• WHAT NEEDS TO BE DONE: Starting at the top line and ending at the bottom one, repeat the entries exactly and drop every picture.

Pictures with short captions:
|---|
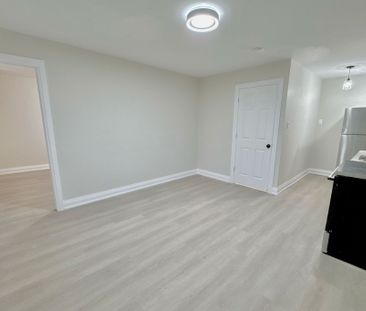 For Lease - 645 Chiddington Avenue, London South, Ontario - Photo 1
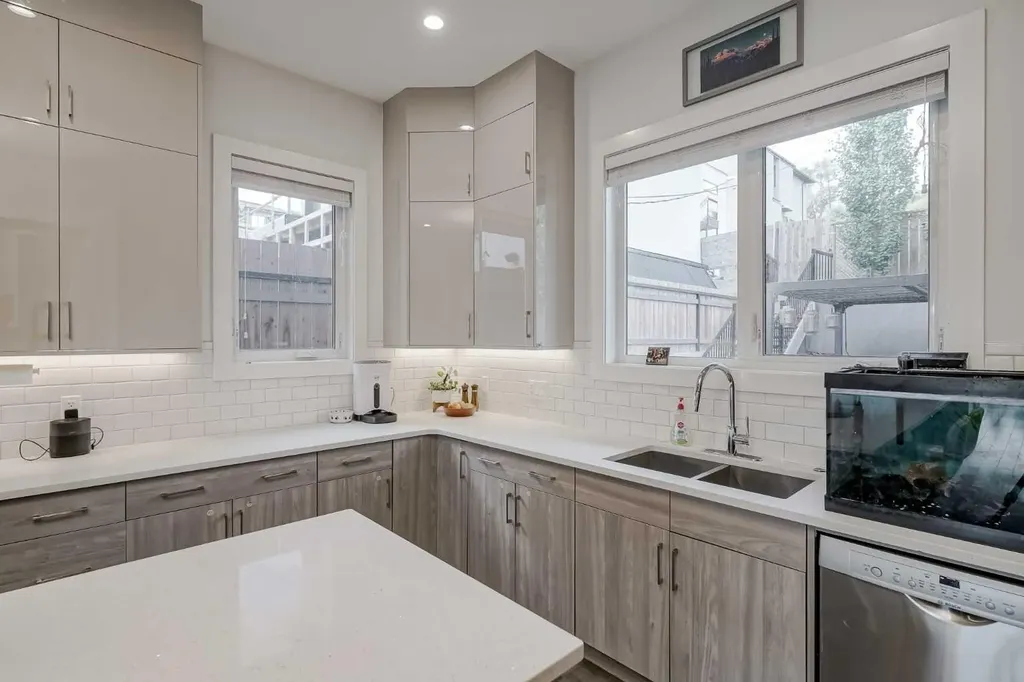 701 13a Street NE Calgary AB T2E 4S4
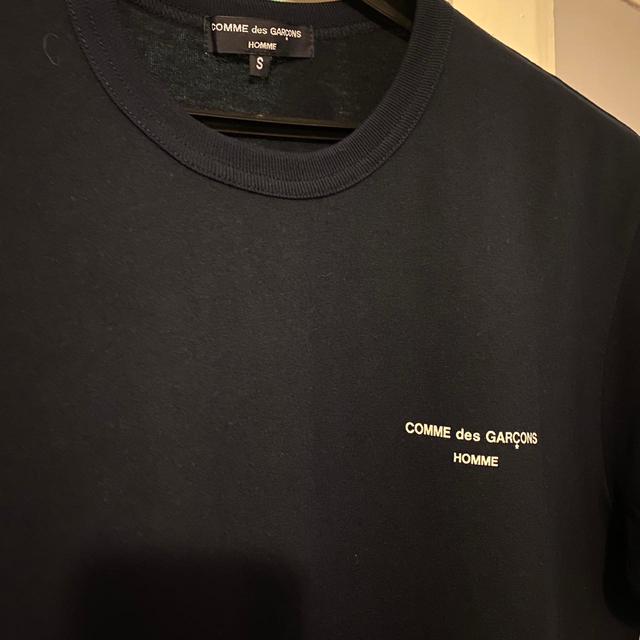 Comme des Garçons Men's T-shirt - Navy - S on Productcaster.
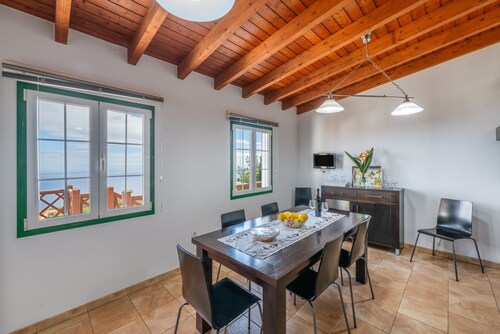 Holiday Home 'Los Duraznos' with Private Terrace, Private Garden and Wi-Fi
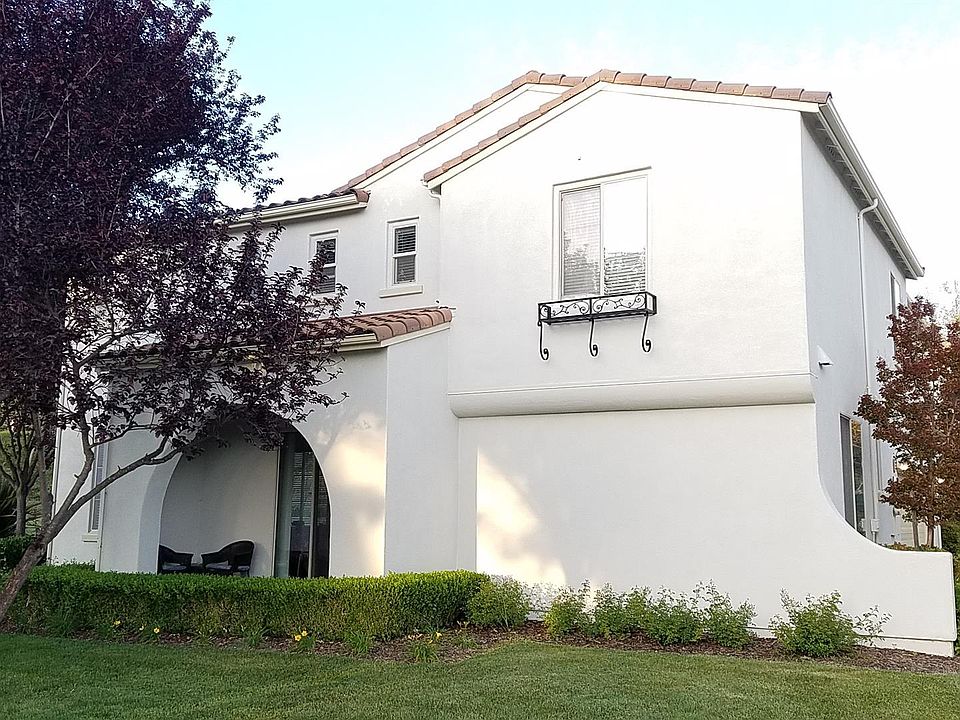 Streetview - Patio and lawn in the front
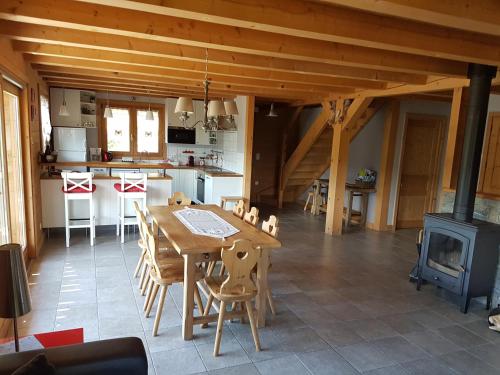 Chalet le Caribou Rouge in Saint Nicolas La Chapelle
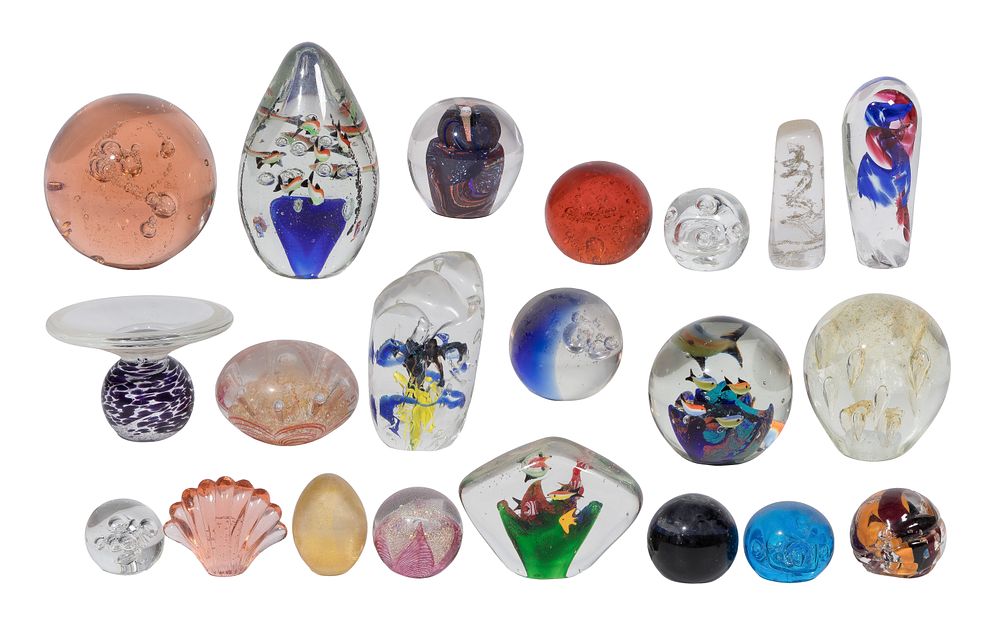 Lot 350: Paperweight Assortment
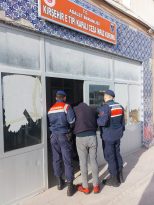 JANDARMA EKİPLERİ DOLANDIRICIYI SUÇÜSTÜ YAKALADI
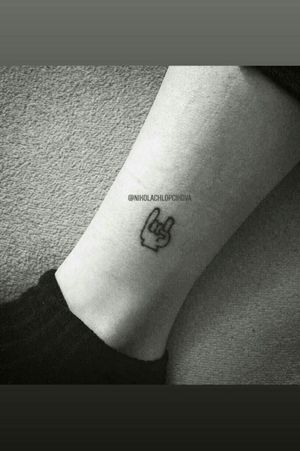 #tattoo #rock #punk #punkgirl #rockgirl #hand #ink #mywork #czech 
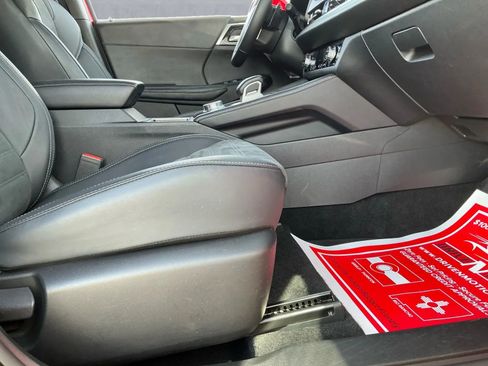 Used 2024 Mitsubishi Outlander SE image 23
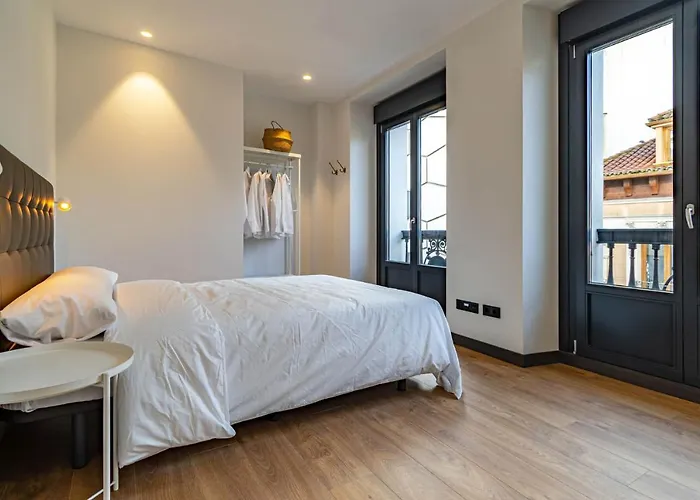 Edificio Fénix, Constitución 1 * Valladolid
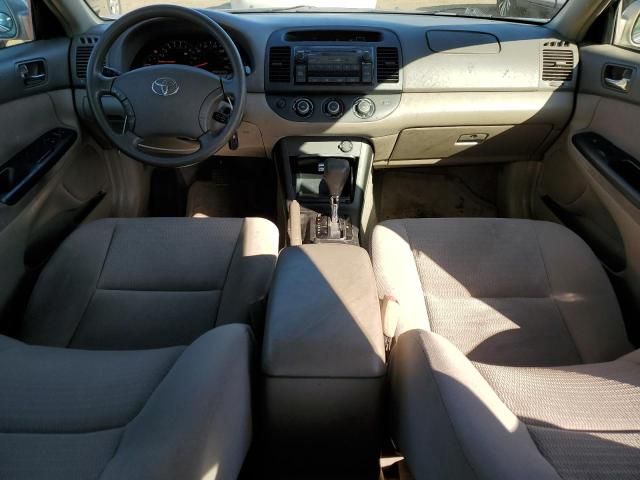 2005 Toyota Camry LE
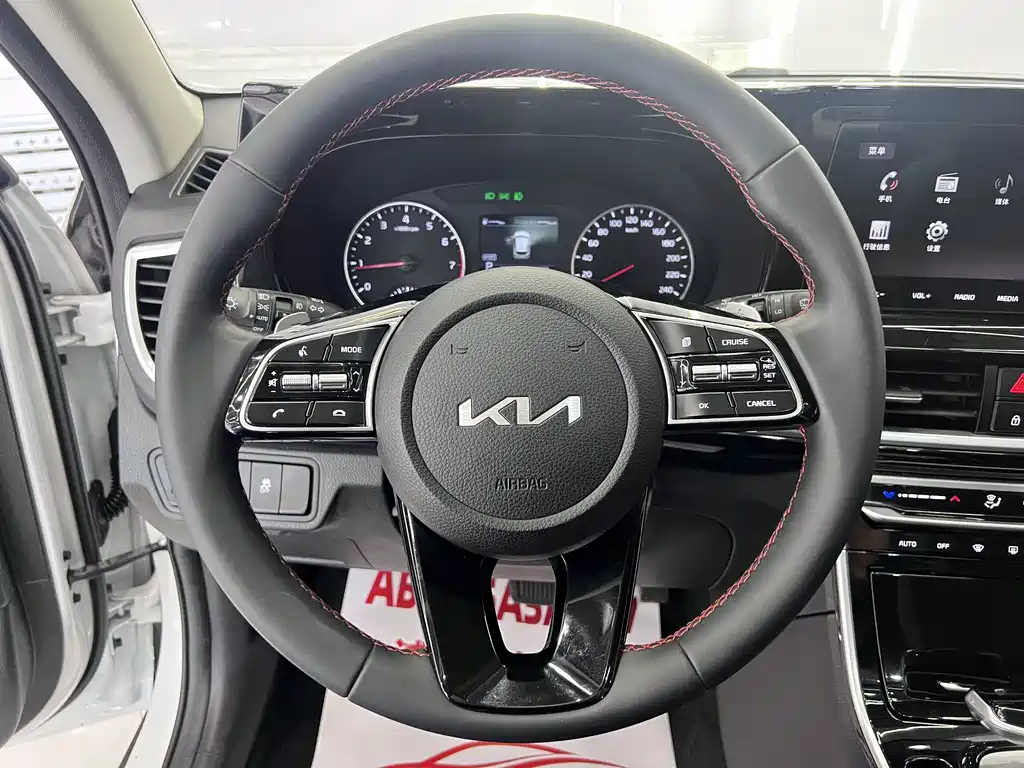 Kia KX3 2023 — фото 9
|---|
• TASK RESPONSE:
 For Lease - 645 Chiddington Avenue, London South, Ontario - Photo 1
 701 13a Street NE Calgary AB T2E 4S4
 Comme des Garçons Men's T-shirt - Navy - S on Productcaster.
 Holiday Home 'Los Duraznos' with Private Terrace, Private Garden and Wi-Fi
 Streetview - Patio and lawn in the front
 Chalet le Caribou Rouge in Saint Nicolas La Chapelle
 Lot 350: Paperweight Assortment
 JANDARMA EKİPLERİ DOLANDIRICIYI SUÇÜSTÜ YAKALADI
 #tattoo #rock #punk #punkgirl #rockgirl #hand #ink #mywork #czech 
 Used 2024 Mitsubishi Outlander SE image 23
 Edificio Fénix, Constitución 1 * Valladolid
 2005 Toyota Camry LE
 Kia KX3 2023 — фото 9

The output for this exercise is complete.